Por fin, un comunicado transmitido a las 8,30 por la cadena de emisoras de la oposición (otras tres permanecen aún en manos del gobierno), define la postura de los comandantes en jefe. En el mensaje, que ninguno de ellos ha tenido el valor de plantear personalmente, se exige del Presidente "la inmediata entrega de su cargo a las fuerzas armadas y carabineros de Chile" y el silenciamiento de los medios de comunicación (prensa, radio y televisión) adictos al gobierno de la Unidad Popular.
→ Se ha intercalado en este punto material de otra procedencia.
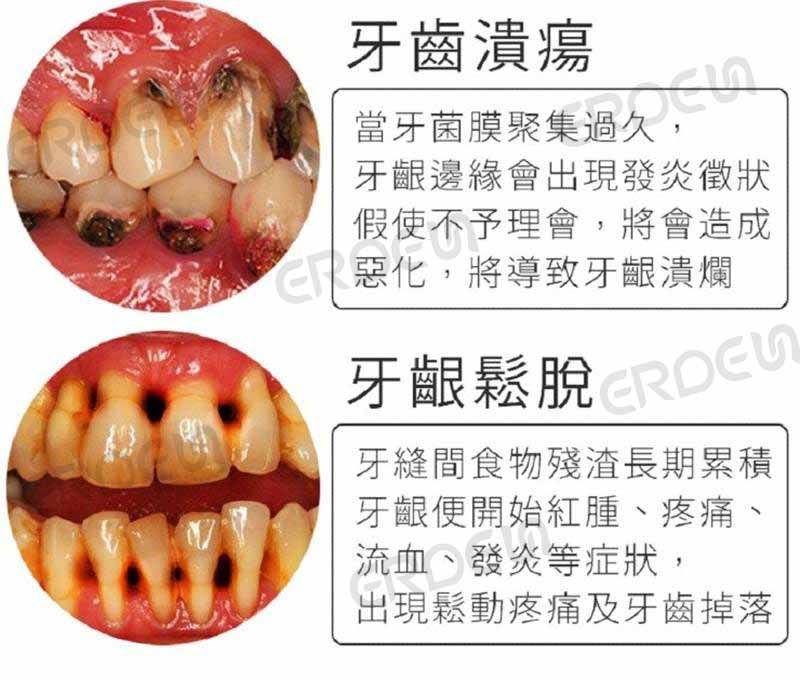 歯ぐきの腫れと緩み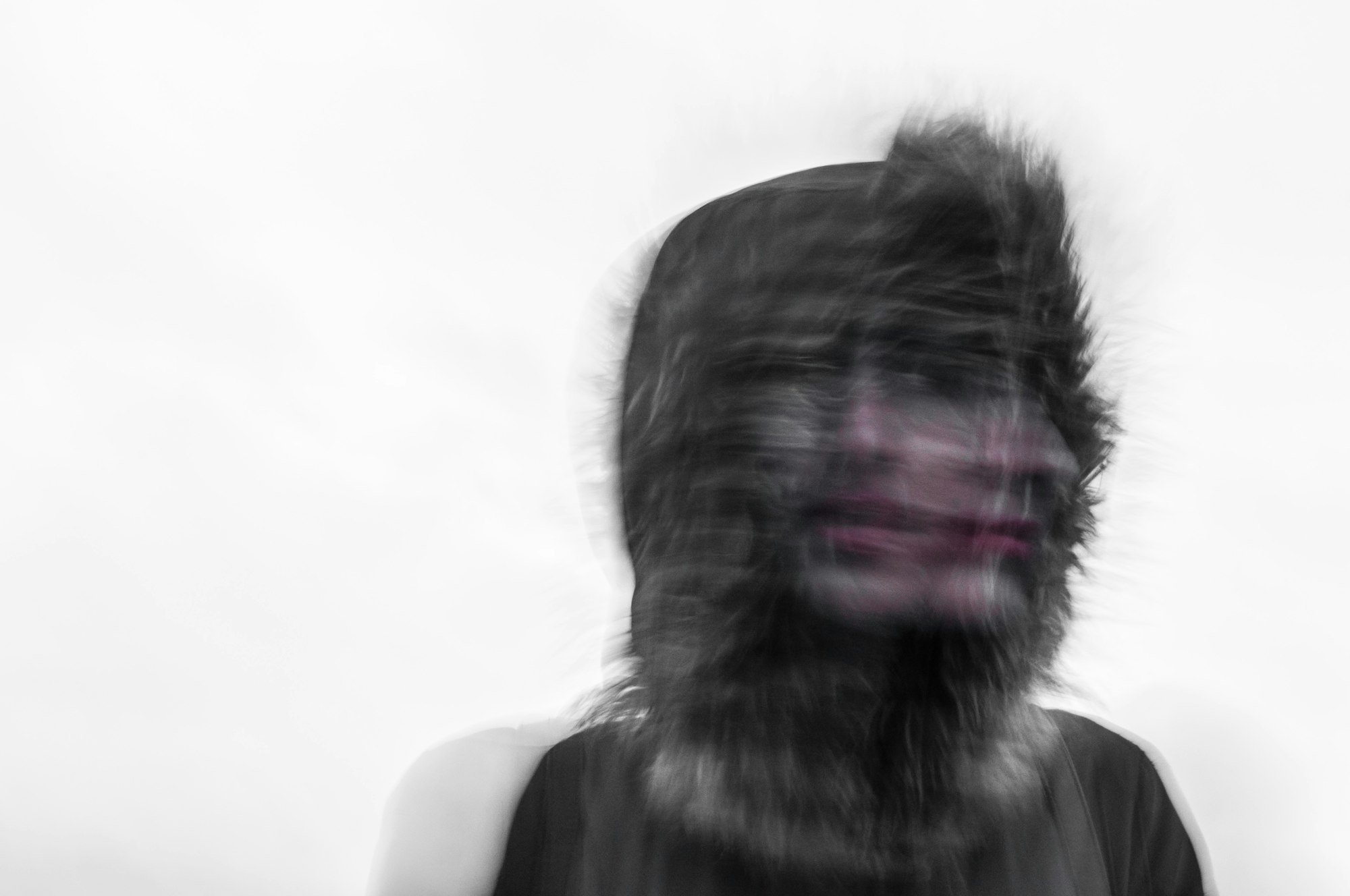 To be, or not to be, that is the question - the difficulty to manage contrast medium and adverse reactions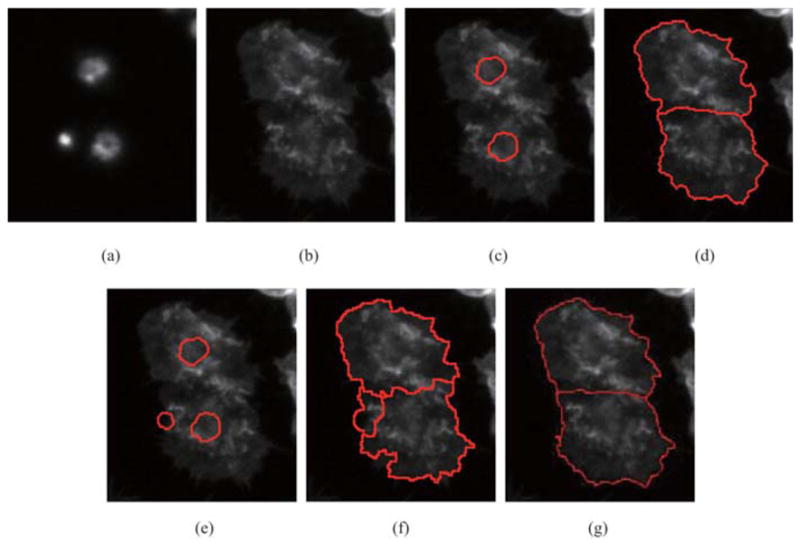 Fig. 11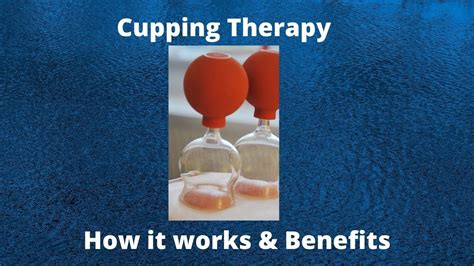 cupping therapy how it works and benefits youtube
Lo firma una autoproclamada Junta Militar integrada por los comandantes Leigh (fuerza aérea) y Merino (armada), el comandante en jefe del ejército, Augusto Pinochet, y el general César Mendoza, erigido en comandante en jefe de carabineros. La traición de Pinochet invierte el curso posible de los acontecimientos. El día anterior, en una reunión con el ministro de Defensa, aún daba muestras de "lealtad", aunque con una sugestiva modificación en su modo específico de atestiguarla. Por primera vez desde su asunción a la titularidad del arma, se abstiene de denunciar los aprestos subversivos de quienes pretenden encabezar un levantamiento contra el gobierno constitucional, subrayando por el contrario la "calma" que súbitamente ha vuelto imperar en la institución. Era éste -y nadie lo sospechaba- el indicio evidente de que el complot acababa de salir de su fase de indeterminación, para ingresar en una etapa en la que fecha y hora, modalidad e intención le otorgaban una operatividad concreta. En este punto, Pinochet no podía permitirse excesos "legalistas".